Oh, the imagination of childhood. It isn’t all rainbows and fairies. Sometimes it consists of haunted freezers and demons hiding in dark corners. I was so excited when Grandma finally bought a new refrigerator for the kitchen that had enough space to store the ice cream. No more trips alone down the steep stairway into the belly of the house’s basement. This was one time when the siren call of new-and-better Consumer Culture was a good thing, at least to my tiny childhood self.

Back at my house, my parents were young and somewhat “hip” and usually the first on our street to get the latest and greatest appliances. For example, we were the first house on the block to have color television. We were also the first to have a full-size refrigerator/freezer.

My clearest memory of our freezer was my mom making frozen treats from orange juice or lemonade. Whenever the neighborhood kids and I heard the tell-tale music of the ice cream truck, I was told by my mom that it was the signal for me to come in the house and get one of Mom’s homemade popsicles. At the time, I didn’t realize it was my mom’s way of saving money.
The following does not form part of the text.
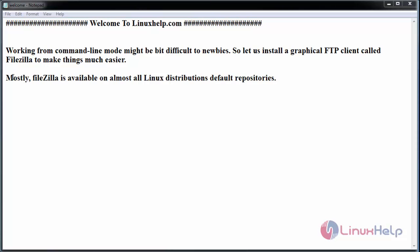Mostly FileZilla is available on all Linux distribution default repositories. In our last video we have configured and installed FTP server. Now we'll install FileZilla and use FTP access in a graphical format.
It was much cheaper to make frozen treats with juice than to purchase the individual ice pops each day from the ice cream truck. My friends were jealous. Mom’s juice pops were better than any blue or purple freezer-burned offering from the truck. It wasn’t long before my mom had a line of children at the backdoor asking if they could give her their ice cream money for a juice popsicle. She let them keep their change and gave out popsicles freely.

My mom’s nickname in the neighborhood became The Popsicle Lady.  I miss the Popsicle Lady.

~Debi

Musing on Doing Dishes


In her essay, “Trouble Man,” Dodie Bellamy states, “I’m a lousy housekeeper, and by the end of the week dishes are stacked on every available surface of my kitchen.”
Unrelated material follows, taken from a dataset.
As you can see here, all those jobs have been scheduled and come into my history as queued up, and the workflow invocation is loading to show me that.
Me, too. Surprisingly, even with an automatic dishwasher, the plates, cups, pots, and pans still pile up.  My problem is that the dishwasher needs to be emptied prior to loading in some fresh dirty dishes.  Maybe it’s not so much that I’m a lousy housekeeper, but that I’m a lazy one?  Emptying the dishwasher just seems like too much work.  In reality, it isn’t a lot of work when I actually do it, but my mind tends to make emptying the dishwasher seem like a huge task looming over me that will somehow disrupt my entire day.
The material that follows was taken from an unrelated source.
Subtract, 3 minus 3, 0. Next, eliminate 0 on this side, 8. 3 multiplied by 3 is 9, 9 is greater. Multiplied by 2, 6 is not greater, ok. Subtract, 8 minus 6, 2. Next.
Bellamy listens to Marvin Gaye’s Trouble Man soundtrack while she’s getting caught up on the week’s backlog of dried on kitchen gunk.  Sometimes I listen to music, too—my favorite dish washing CD is the soundtrack to the No Reservations movie.  But usually I listen to the soundtrack in my head.  Either a song stuck in my brain, or just my quiet ruminations on life.

There’s something soothing, almost mesmerizing about doing dishes. The mindlessly repetitive, rhythmic movements.  The warm water and fragrant bubbles.  It’s satisfying to take the kitchen from complete disarray, and return it to a clean, shiny state.  Is that why I procrastinate?  Is it less satisfying on some internal level to just do little clean-ups here and there, but never have the transformational experience that comes from a complete overhaul?

Many things I’ve written have developed after a time of quiet personal reflection—believe it or not, usually while standing at the sink up to my elbows in warm, soapy water, gently scrubbing my plates and glassware.  Standing in one place, actively involved with a mindless physical activity, seems to release something creative in my mind.

Many writers over the centuries have used the mindless activity of walking as a physical meditative process.  For me, while I thoroughly enjoy a good walk, I tend to get so caught up in the sights and sounds, people and birds, creatures and weather around me, that my mind isn’t quite as free to wander as it is when I’m staring at a corner and small window of my kitchen.  The kitchen almost works as a sensory deprivation chamber.  There isn’t much to see, or hear, or experience.  Just the warmth, the steam, the water, the suds, the rhythms of the washing.

I wonder why I delay doing the dishes when it’s such a fruitful, creative time for me?  I have no answer.

But on that note, I have dishes awaiting me.  Meditation time draws nigh.